出戻り主婦の花村絢乃(麻生祐未)は、絢乃の亡父からの遺言を受けた岡田検事正(高橋英樹)の特命により検事に任命され、本望ではなかったが東京地検刑事第一部の検事として働いていた。
そんなある日、絢乃は田辺翔太(佐藤詩音)という少年に出会う。翔太は、一年前に起こった資産家老女殺害事件で逮捕された父親・田辺克弘(宍戸開)は人殺しではないことを一番偉い人に直訴するため検察庁にやってきたと言う。すでに田辺は処分保留で釈放されていたのだが、真犯人が捕まらないためいまだ周りからは犯人扱いされ、そのせいで工場は潰れ、翔太もイジメに遭っていると聞いた絢乃は、翔太に「自分が絶対何とかする!」と約束してしまう。
絢乃の存在を気に入らない部長の須田(正名僕蔵)からは頭ごなしにダメだと言われてしまうが、独自に調査を進めることに。
資料によると、事件は貸金業の経営者・柿沼志津(田島令子)から執拗に借金返済を迫られた田辺が、志津の自宅に押し入り借用書を返すよう迫った際、志津が倒れて頭部を強打し、死亡したとみられていた。
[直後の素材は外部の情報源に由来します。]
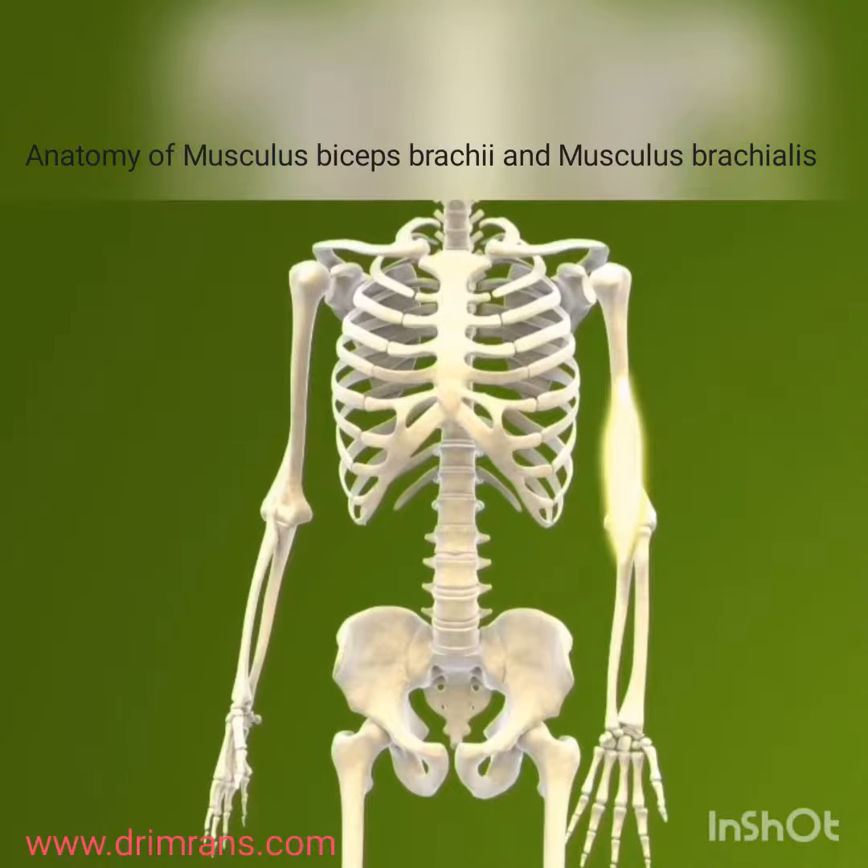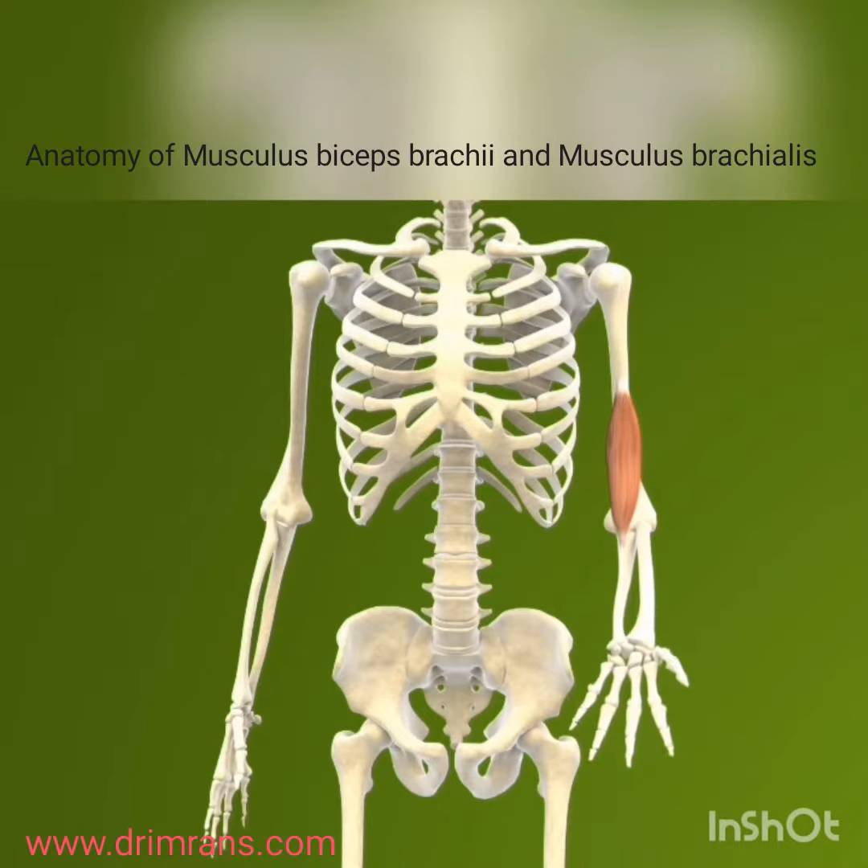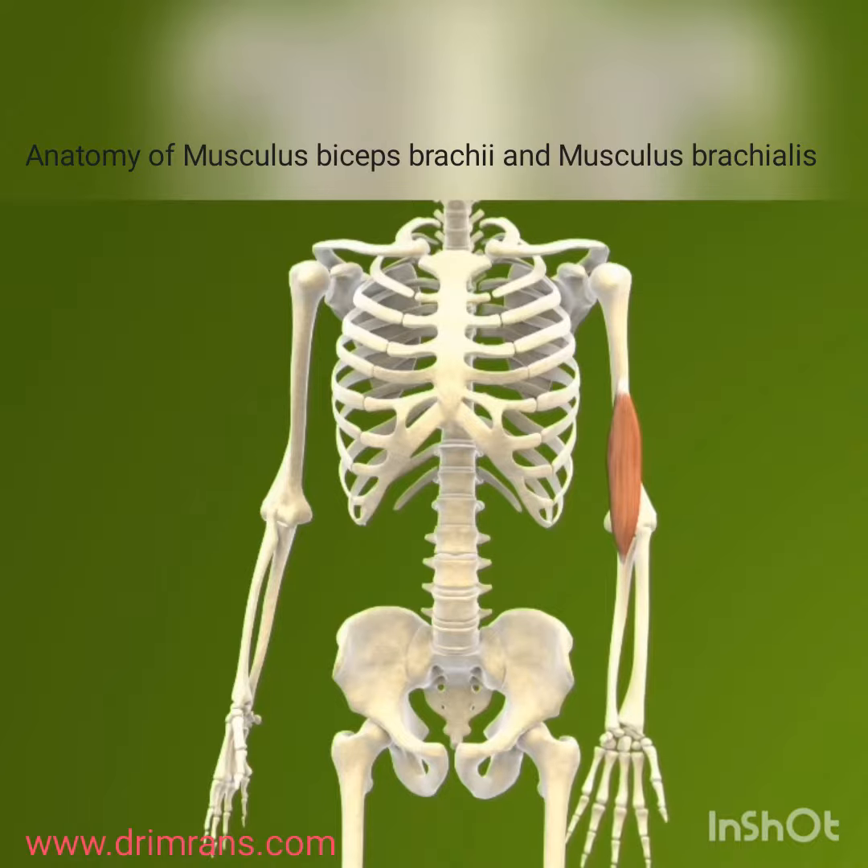The musculus biceps brachii and musculus brachialis are two important muscles in the upper arm. The biceps brachii is a two-headed muscle located on the front of the upper arm.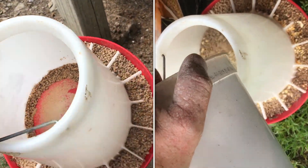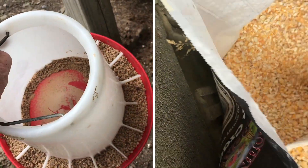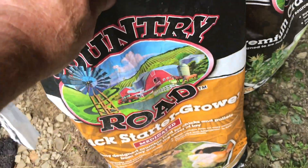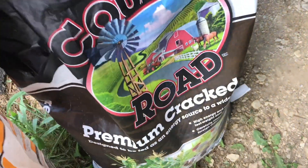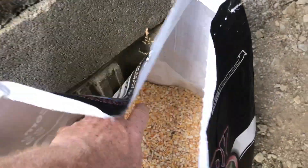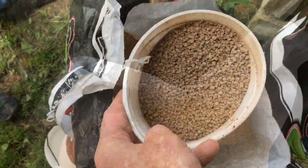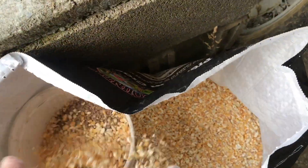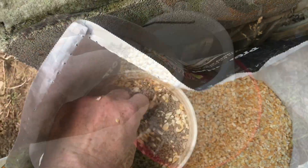So what you're going to do is mix in some of the chick starter with the cracked corn. The chick starter is about $14 a bag and the cracked corn is about $7, so it's about half the price. I'll take some of the chick starter and add in some of the cracked corn and just mix it all in.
状況証拠と動機が十分に揃っていることから被疑者否認のまま送致されたが、事件は処分保留のままで起訴されていない。絢乃は、担当検事・友野(モロ師岡)が病気のため退官したことを知る。有能と評判だった友野がなぜこの事件を処分保留のまま退官してしまったのか?絢乃は岡田検事正から了承を得て、この事件を引き継ぐことにする。
まずは田辺に事情を聞こうと家に向かった絢乃と事務官の宇治谷(温水洋一)はコンビニで翔太が店員と揉めている場面に出くわす。犯罪者の息子だから、と翔太を万引き犯扱いする店員に、居合わせた客・香山謙介(賀集利樹)が憤慨。店員に殴りかかろうとする香山を絢乃は止めるが、香山は翔太に「偏見に負けずがんばれよ」と励まし去って行った。
その後、絢乃は田辺に会うもすげなく追い返されてしまうが、田辺は真犯人ではないと直感。事件の詳細を掴むため絢乃は友野の家に向かうが、友野は若年性アルツハイマーを患っており、すでに話ができる状態ではなく…。
同じ頃、東京地検特捜部のエース・有沢(原田龍二)は、堀田ファンドの社長・堀田高志(村杉蝉之介)が関わるインサイダー取引の事件を追っていたが、どうしても物的証拠をつかめず、堀田を逮捕できずにいた。
そんな中、国際的なハッカーが日本に潜入し、数日中にも堀田と接近するという情報を掴んだ有沢は、絢乃との会話からヒントを得てある真実にたどり着く。だが、それはやがて絢乃が担当する事件と複雑に絡み合っていき…。